So many issues..is it a loosing battle?
I don't know what to do anymore. it seems all dh & i do is fight lately. we went for a long walk yesterday so we could talk...pointless. I have a problem with my in-laws and sil hanging out with Bm...inviting her to family functions. It's thier drinking buddy.
Ss8 is the golden boy who poops rainbows to them but they barely see our son...thier other bio grandson. This weekend is bm's weekend... We were going with our bs to his brothers to swim...dh informed me he's bringing ss....I got upset and told him bs and I aren't going since he can't spend a day with just us. And...he pays cs for ss& his stepson..but his stepson just turned 18& graduated and is not going to post secondary.. So cs should end by the court order..he's still paying it..said Bm told him until sept...wtf..it doesn't work that way. He barely contributes to our household between his cs and bankruptcy there isn't much so he's throwing away $300 to her for 3 months she's not entitled.... I feel like its me against him and his family
He's being a crappy partner
He's being a crappy partner and his family has inappropriate boundaries. It hurts when one grandchild is clearly favored over another. I'm sorry you are in this position.
What you do have control over is not covering any shortage of his. If he chooses to pay CS which is really spousal support at this time, you should not use your money. I had to tell my DH that I considered CS to be spousal support after CS is legally done. And if he wanted to support another woman, then he needed to go move back into the house he gave her. It lit a fire under his butt and he got filed to end CS. Btw, make sure you don't have to have a court order to end CS. Even if it specifically states in the order, some states require a formal filing to end CS.
You can't control your in laws but you don't have to be anywhere you don't want to be or that is not a good environment for your child. Let them have BM'S drunk arse and avoidance interactions where she will be present.
Only you know if it's a loosing battle. I'm for evening the plating field : have an exit strategy and start getting the means together. That way you feel strong enough to express what you want, and most importantly, what you need.
Sounds like the age old issue
Sounds like the age old issue that he would rather placate BM than make the new wife happy.
Wow...thanks for telling me
Wow...thanks for telling me I'm ridiculous... Unbelievable. I did deal with the cs in May....got him all the papers to end in June..Bm told him she wants until end of August even though she is not entitled... He didn't argue. I know I can't control my in-laws..but expecting my son thier bio grandson to be treated equal is not ridiculous I think.
^^^^^ this is actually good
^^^^^ this is actually good advice ^^^^^^
Some of my inlaws have never even met my bios with dh, yet never miss a beat with skids. You know what, I wouldn't want them anywhere near my bios anyways. But in my situation dh has cut them out of his life. Not because I have asked him to, but because he has is too busy focusing on his family with me.
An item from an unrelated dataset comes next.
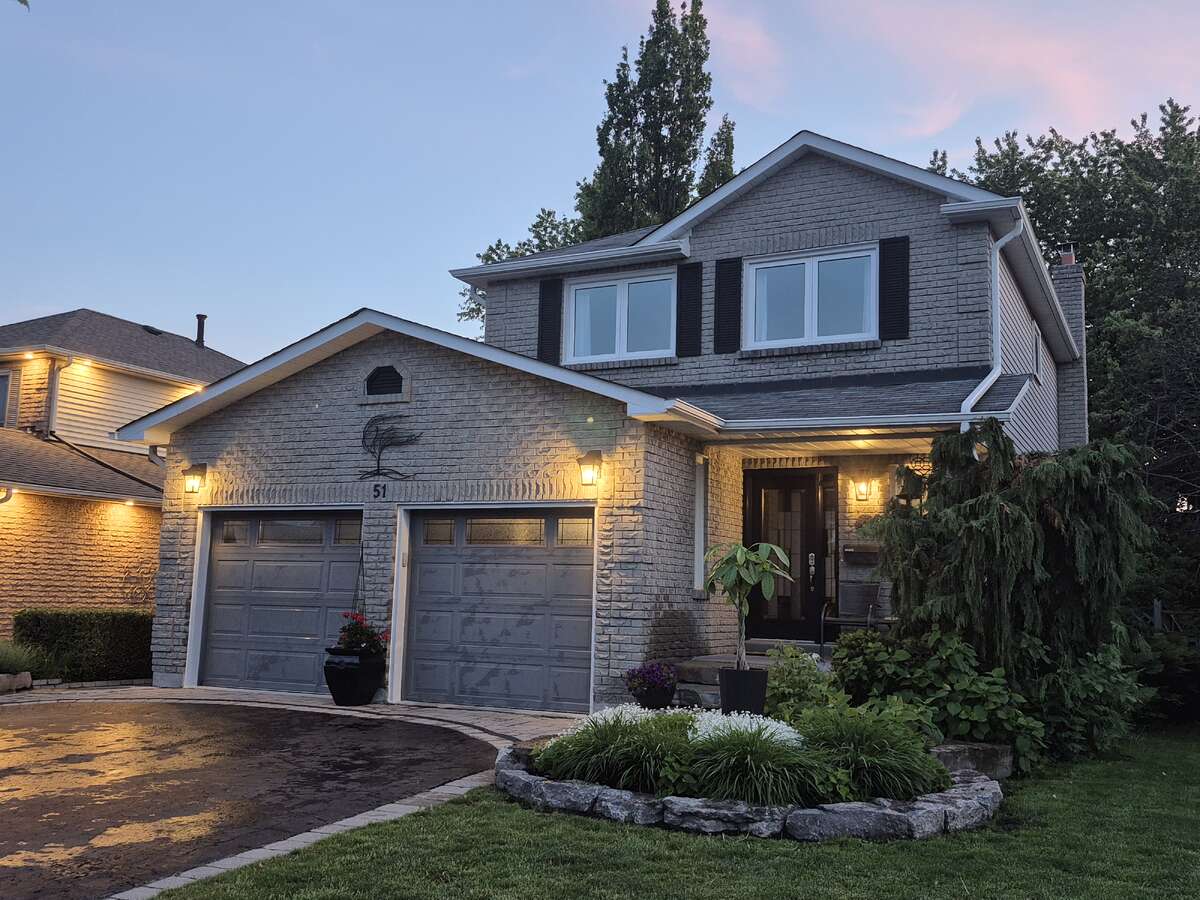 51 Lyndale Crescent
Your dh needs to realize that you will be raising a family together and will hopefully be together for the rest of your lives. His ties to mommy and daddy should not take precedence before you.
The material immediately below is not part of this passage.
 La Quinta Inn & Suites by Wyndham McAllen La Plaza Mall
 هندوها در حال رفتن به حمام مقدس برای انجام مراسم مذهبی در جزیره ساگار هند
But please know that even if he cuts them out of his life, they will still have a good relationship with skid due to bm. The simple solution to that is you don't let your kid feel like an imposition and keep your kid around those who love the child.
Another thing, all grandkids are not treated equally. Kids can have the same parents and a grandparent may feel closer to a certain grandkids.
As for the money issue, wtf! He actually was paying for an ex stepson. I don't have any advice there. I would have some major resentment over that.